NBC News reached out to Paxton’s office for further comment.
Paxton, who’s been in the news after he lost his bid last week to have a securities fraud case against him dismissed (he’s pleaded not guilty and is scheduled to stand trial on the charges), has been critical of President Joe Biden’s immigration policies and said nonprofits that receive funding from the administration “facilitate astonishing horrors including human smuggling.”
“While the federal government perpetuates the lawlessness destroying this country, my office works day in and day out to hold these organizations responsible for worsening illegal immigration,” Paxton said in the Tuesday statement.

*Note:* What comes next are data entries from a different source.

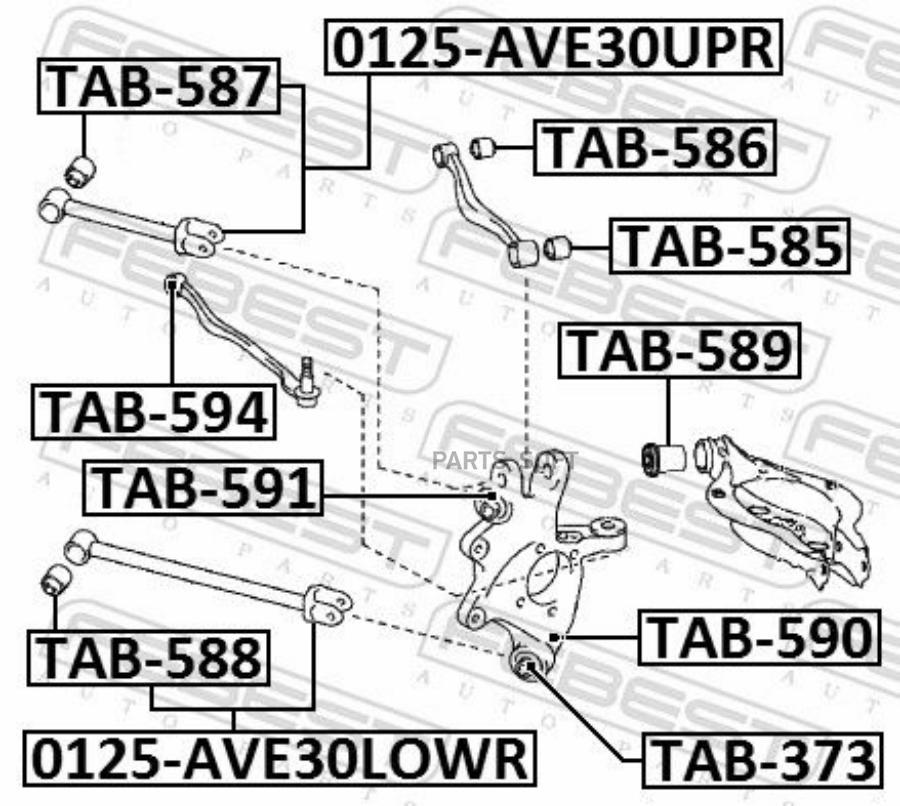 

FEBEST САЙЛЕНТБЛОК ЗАДНЕГО ВЕРХНЕГО РЫЧАГА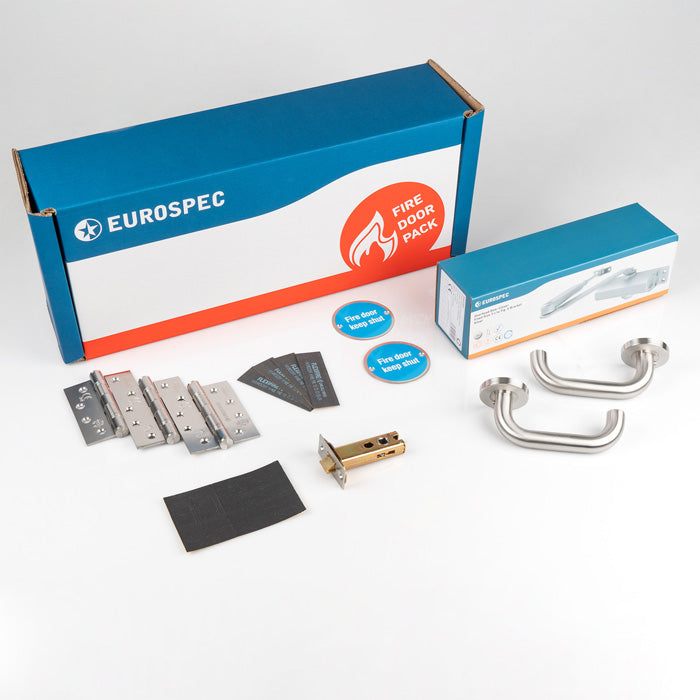 Eurospec - Residential Fire Door Pack - Lever Latch - Satin Stainless Steel - FDPR4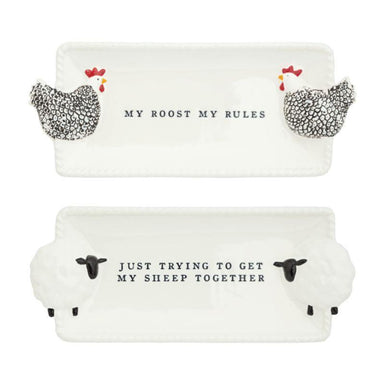 Farm Animal Everything Tray – Rooster or Sheep Stoneware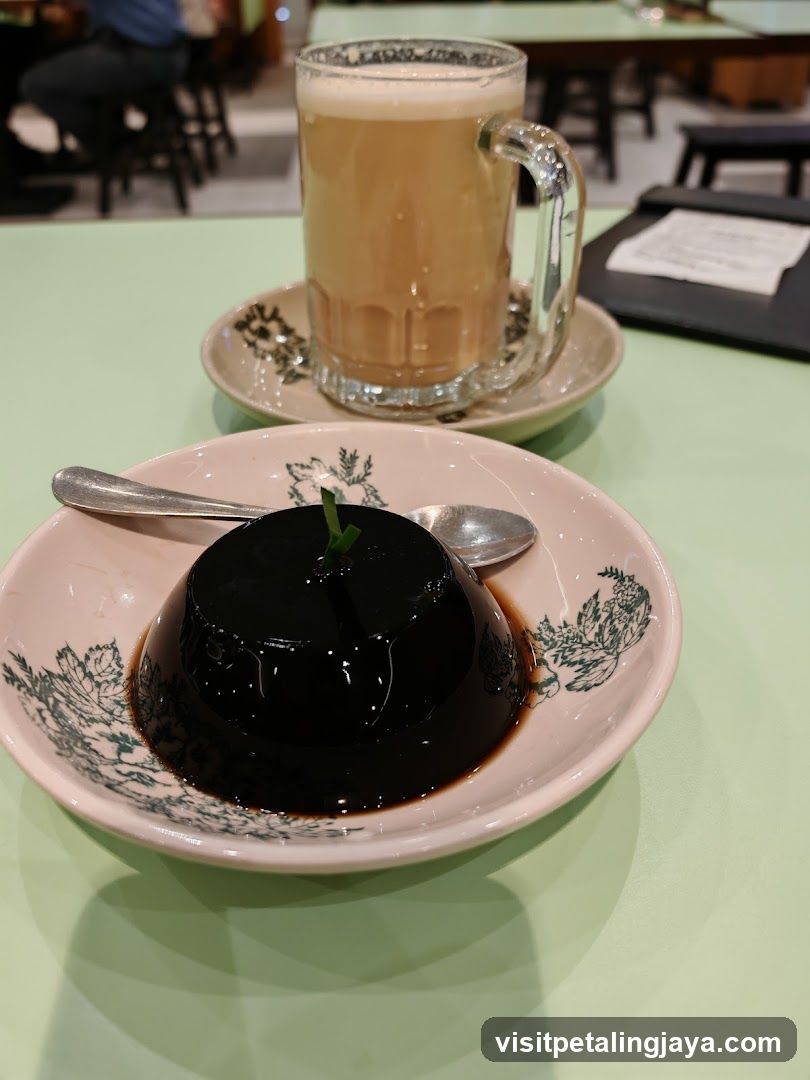 Black Sesame Pudding and Coffee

Annunciation House says on its website it doesn’t have permanent funding sources. It is mostly sustained by “spontaneous and free contributions of individuals, groups and faith communities.” Wesevich said the group is reviewing its funding documents to respond to Paxton and Annunciation House may have received federal emergency grant money to help deal with increased arrivals.
Catholic groups have found themselves the target of some Republican lawmakers as the immigration debate has taken center stage this presidential election cycle.
The conservative nonprofit CatholicVote has sought to obtain communication records between the Biden administration and Catholic groups in Texas on the belief that they may have helped drive up immigration, according to a 2022 article from the National Catholic Reporter.
Some Republican lawmakers have been trying to slash money the federal government provides Catholic and other faith-based groups to assist migrants.
The U.S. Conference of Catholic Bishops and Catholic charities have played a role for decades in helping resettle migrants and refugees in the United States, most notably Cubans who fled the Castro regime.
Annunciation House has been part of that work for more than 46 years and is recognized by the Catholic Church, it said in a statement Tuesday.
“Annunciation House has done this work of accompaniment out of the scriptural and Gospel mandate to welcome the stranger,” Annunciation House said in the statement.